Establishment of SCI model

The female Sprague–Dawley (SD) rats (age, 10–12 weeks; weight, 200–250 g; Xi’an Jiaotong University Health Science Center, Xi’an, China) were used. Rats were divided into the SCI and Sham groups (n = 4 in each group) randomly, and thereafter, they were anesthetized using 3% isoflurane, which was maintained at 1.5–2% during surgery. Rats in the SCI group underwent modified Allen’s weight-dropping injury, while those in the Sham group, they only underwent vertebral laminectomy. On day 1 after surgery, the BBB scores were used to ensure that the SCI model was made successfully, and at 3 days after injury and laminectomy in the SCI and control rats, respectively, the spinal cords of the rats in both groups were removed, and 10 mm long segments containing the injury site were quickly obtained for quantitative real-time polymerase chain reaction (qRT-PCR) analyses.¹⁴ All the procedures involving the animals were approved by Xi’an Jiaotong University Ethics Committee and were performed in compliance with the Guide for the Care and Use of Laboratory Animals (8th Ed., 2011, The National Academies, USA).

Total RNA extraction and quantitative real-time RT-PCR

TRIzol (Invitrogen, Carlsbad, CA, USA) was used to isolate total RNA from the spinal cord segments.
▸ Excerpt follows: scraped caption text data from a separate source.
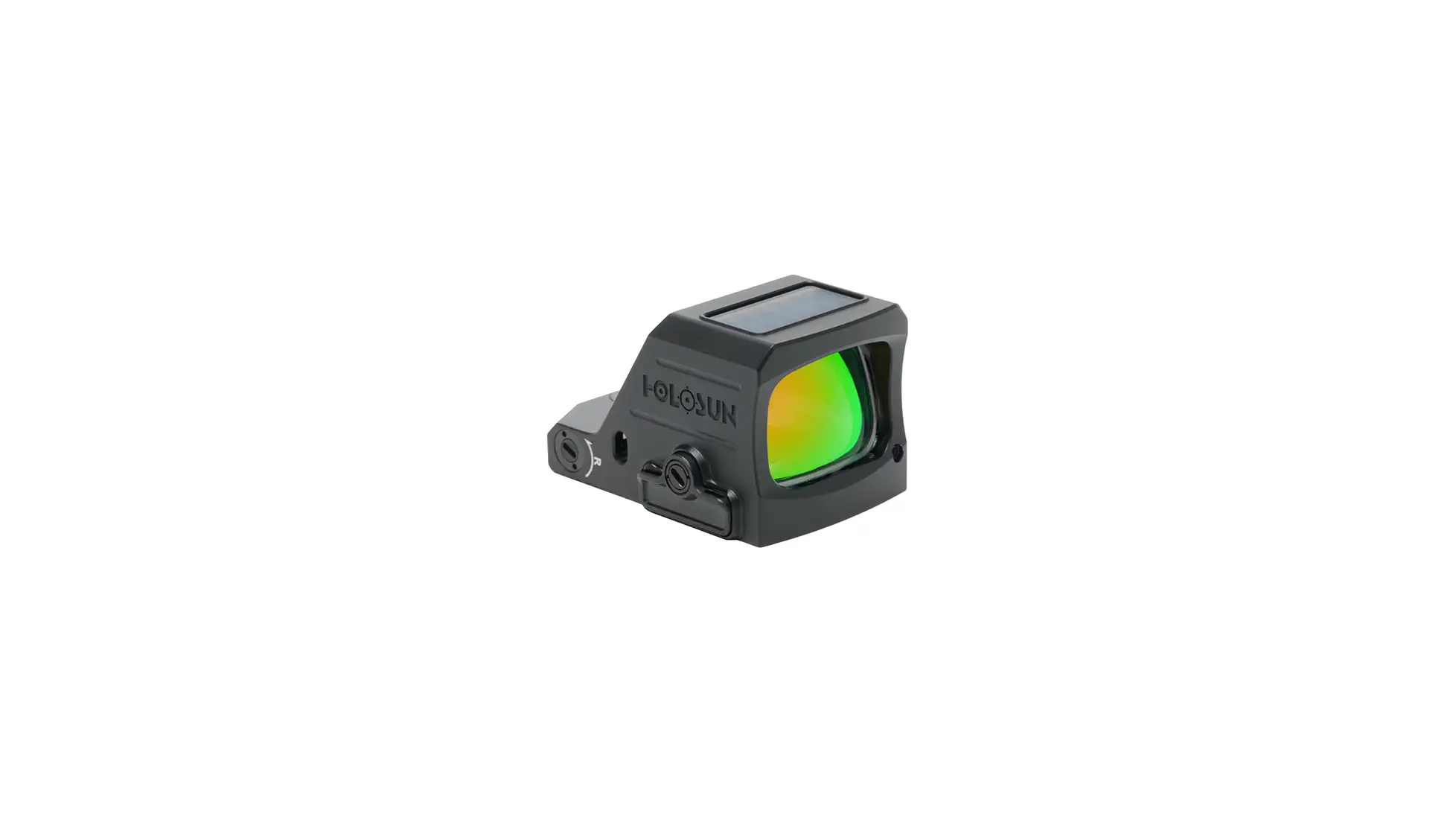 Holosun HS407C-X3 open reflex pistol red dot sight, matte black housing with top solar panel, three-quarter view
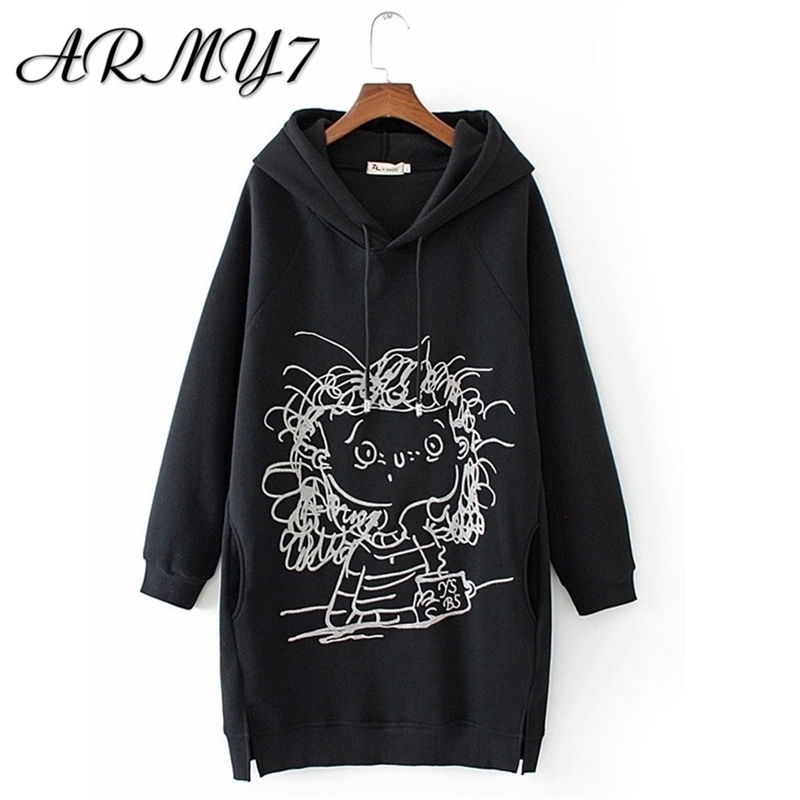 Oversize Sweatshirt Dress Fluffy Friends Hoodie Winter Ladies Women Cartoon Print Long Sleeve Hooded Hat Anime Tunic Black 4XL 201112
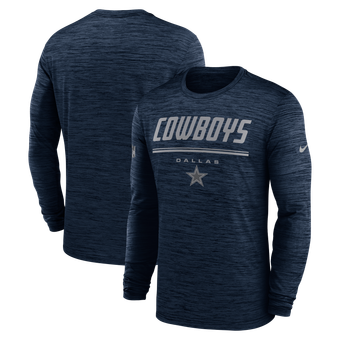 Men's Nike Navy Dallas Cowboys Sideline Offensive Transition Velocity Dri-FIT Long Sleeve T-Shirt
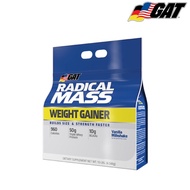 GAT Sport Radical Mass Gainer 10lbs - Weight & Mass Gain, Bulking & Sizing, Lean Muscle Gainer 5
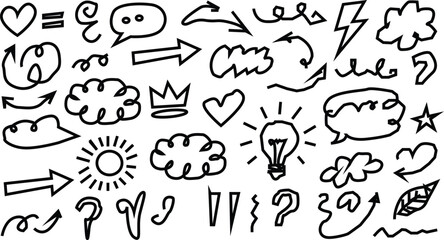 Obraz premium Collection of various hand drawn doodles and sketch elements art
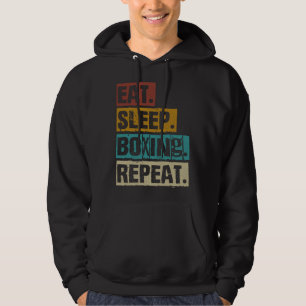 Eten Slapen Boksen Herhalen Retro Vintage Boksen B Hoodie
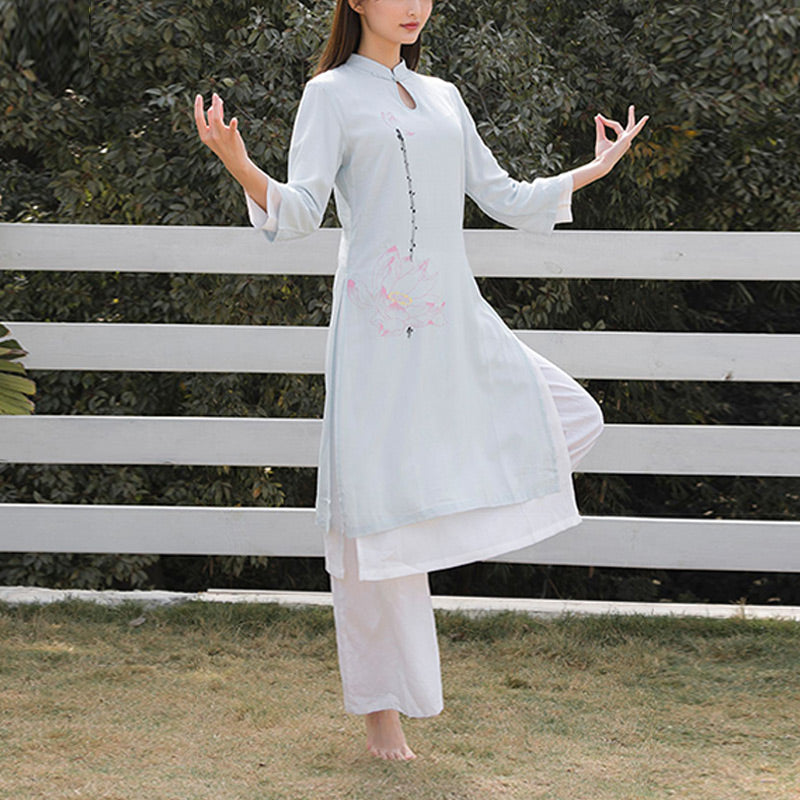 Nimara Ritual 2Pcs Lotus Pattern Tai Chi Meditation Yoga Cotton Linen Clothing Top Pants Women's Set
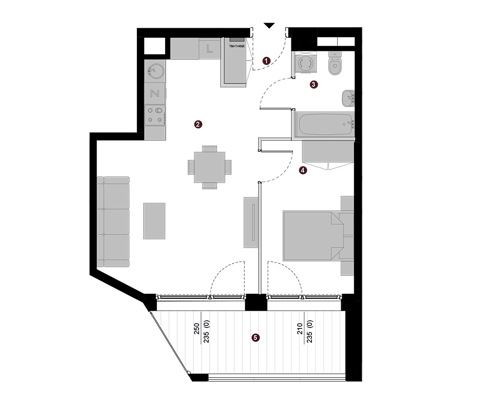 Plan 2 pok. 44m²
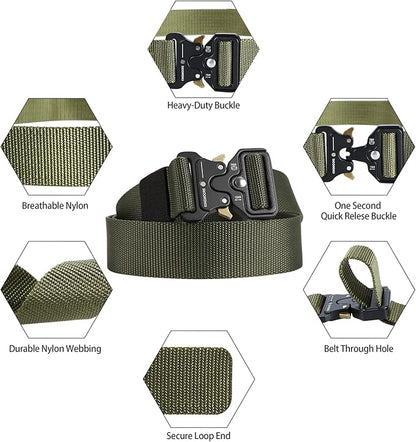 KingMoore Men's Tactical Belt Heavy Duty Webbing Belt Adjustable Military Style Nylon Belts with Metal Buckle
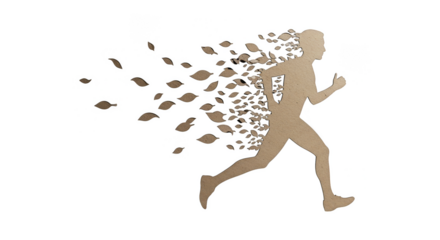 Running figure dissolving into motion shards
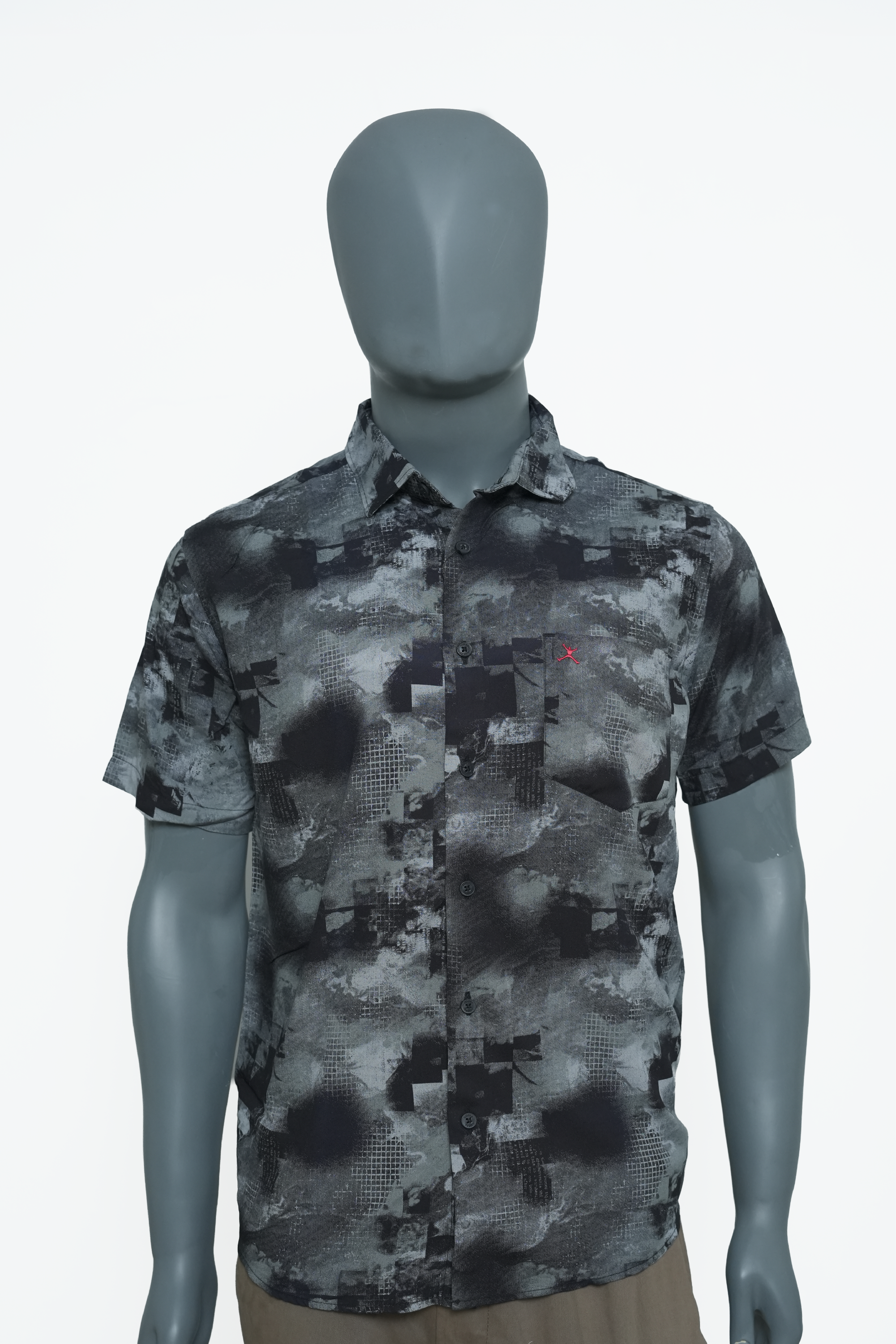 Slim Fit Cotton Printed S/S Shirt - Black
Furthermore, the First-Strand cDNA Synthesis Kits (Sangon Biotech, Shanghai, China) were used for the reverse transcription of mRNA, circRNA, and miRNA. The primers were as follows: hsa_circ_0026646 (forward, 5′-GATCTGCGTGGTCATGTTGG-3′; reverse, 5′-CAAAGATGACCGGAGAGCTG-3′), PLXNB2 (forward, 5′-CTTCAGCCTGATCCAGAGGTTTG-3′; reverse, 5′-GTGGAACACGTAGTCTGTACCC-3; Sangon Biotech). Furthermore, the primers of miR-331-3p were provided by GeneCopoeia (Guangzhou, China), and circPrimer2.0 was used to verify the primer specificity of hsa-circ_0026646. Furthermore, qRT-PCR was performed using the 2 × SG Fast qPCR Master Mix (Sangon, China), and the expression levels of glyceraldehyde 3-phosphate dehydrogenase (GAPDH) and U6 were used as an internal control for mRNAs and miRNAs, respectively. Gene expression analyses were performed using the 2^−ΔΔCt method.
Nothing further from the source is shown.